Blob Blame History Raw
From 04dce26bd12888b924425beefa449a07b683021a Mon Sep 17 00:00:00 2001
From: =?UTF-8?q?Renaud=20M=C3=A9trich?= <rmetrich@redhat.com>
Date: Fri, 13 Apr 2018 09:24:30 +0200
Subject: [PATCH] [kernel] Disable gathering /proc/timer* statistics
MIME-Version: 1.0
Content-Type: text/plain; charset=UTF-8
Content-Transfer-Encoding: 8bit

Disable gathering /proc/timer* statistics by default, a new option
'kernel.with-timer' enables gathering these.
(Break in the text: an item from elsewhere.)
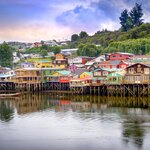 See the colorful towns of Isla Chiloé, in northern Chilean Patagonia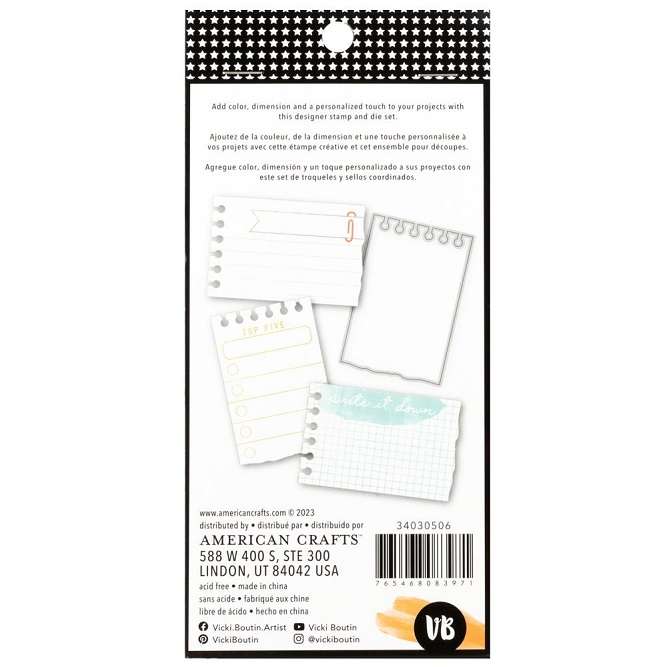 AC - Vicki Boutin Mixed Media Notepad Stamp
If /proc/timer_list is huge, then kernel will experience issues with
processing all the timers since it needs to spin in a tight loop inside
the kernel.

We have tried to fix it from kernel side, added touch_nmi_watchdog() to
silence softlockups, cond_resched() to fix RCU stall issue but with such
huge number of timers the RHEL7 kernel is still hangs.
It can reproduced somehow on upstream kernel (however, there will be
workqueue lockups).

We came to conclusion that reading /proc/timer_list should be disabled
in sosreport. Since /proc/timer_stats is tight to /proc/timer_list, both
are disabled at the same time.

Resolves: #1268

Signed-off-by: Renaud Métrich <rmetrich@redhat.com>
Signed-off-by: Bryn M. Reeves <bmr@redhat.com>
---
 sos/plugins/kernel.py | 10 +++++++++-
 1 file changed, 9 insertions(+), 1 deletion(-)
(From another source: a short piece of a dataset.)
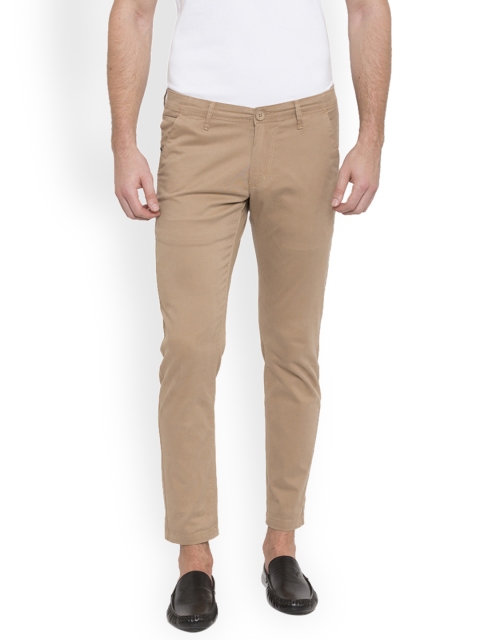 

SPYKAR Men Beige Slim Fit Solid Chinos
diff --git a/sos/plugins/kernel.py b/sos/plugins/kernel.py
index 97ef7862..6c2f509c 100644
--- a/sos/plugins/kernel.py
+++ b/sos/plugins/kernel.py
@@ -27,6 +27,10 @@ class Kernel(Plugin, RedHatPlugin, DebianPlugin, UbuntuPlugin):
 
     sys_module = '/sys/module'
 
+    option_list = [
+        ("with-timer", "gather /proc/timer* statistics", "slow", False)
+    ]
+
     def setup(self):
         # compat
         self.add_cmd_output("uname -a", root_symlink="uname")
@@ -83,7 +87,6 @@ class Kernel(Plugin, RedHatPlugin, DebianPlugin, UbuntuPlugin):
             "/proc/driver",
             "/proc/sys/kernel/tainted",
             "/proc/softirqs",
-            "/proc/timer*",
             "/proc/lock*",
             "/proc/misc",
             "/var/log/dmesg",
@@ -92,4 +95,9 @@ class Kernel(Plugin, RedHatPlugin, DebianPlugin, UbuntuPlugin):
             clocksource_path + "current_clocksource"
         ])
 
+        if self.get_option("with-timer"):
+            # This can be very slow, depending on the number of timers,
+            # and may also cause softlockups
+            self.add_copy_spec("/proc/timer*")
+
 # vim: set et ts=4 sw=4 :
-- 
2.13.6